What's not surprising ancient romans (studies made on the victims of eruption) had perfect teeth' thanks to healthy low-sugar diet. The inhabitants of Pompeii ate a lot of fruit and vegetables but very little sugar. They were strangers to toothbrushes or toothpaste, but their healthy diet meant that few of the Romans suffered from cavities. 

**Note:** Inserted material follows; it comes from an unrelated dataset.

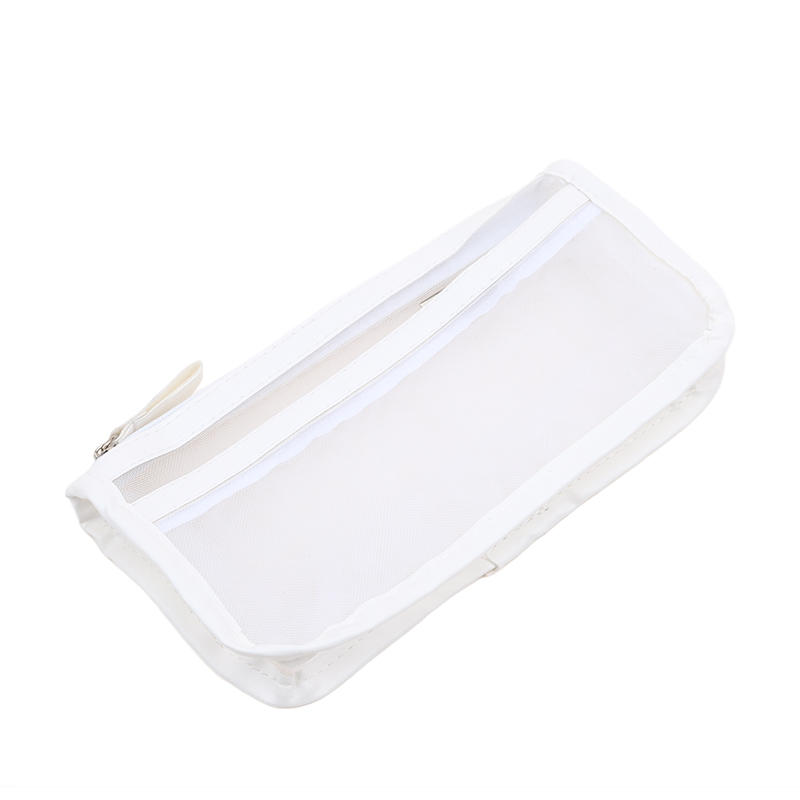 Сетчатый пенал для карандашей Прозрачная косметичка Чехол для кистей для макияжа Дорожный органайзер для косметики на молнии Сумка для хранения ручек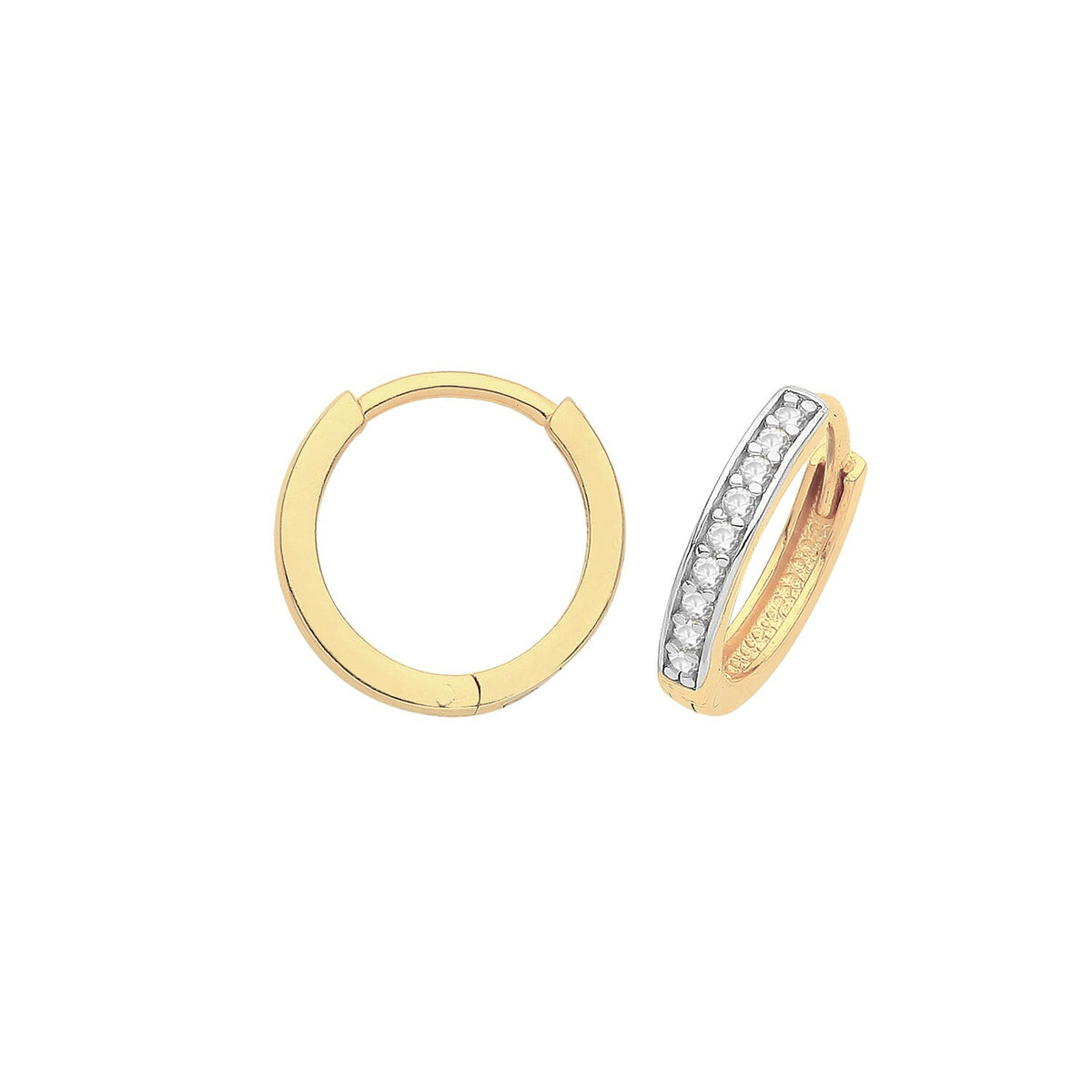 9ct Yellow Gold 10 Stone Hoop Earrings British Made 375 Hallmark Brand New Boxed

Romans loved to eat outside, small taverns (called Thermopolium) where it was possible to purchase ready-to-eat food. A typical thermopolium would consist of a small room with a distinctive masonry counter in the front. Embedded in this counter were earthenware jars (called dolia) used to store dried food like nuts (hot food would have required the dolia to be cleaned out after use, and because they are embedded in the counter, it is believed that they were not used to store hot food, but rather dried food where cleaning wouldn't be necessary). In Pompeii we have found 150 of them
In the months after Vesuvius’ eruption, a lot of Pompeiians came back to dig through the ash and see what they could recover. The Emperor Titus declared Pompeii an emergency zone and offered financial assistance for cleanup and recovery. But the buried towns were beyond salvaging. “When this wasteland regains its green,” wrote the Roman poet Statius not long after the eruption, “will men believe that cities and peoples lie beneath?” Eventually, the towns were dropped from local maps. Within a few centuries, settlers had repopulated the empty terrain, unconcerned with what lay below. They planted grapevines and olive trees in the fertile black soil.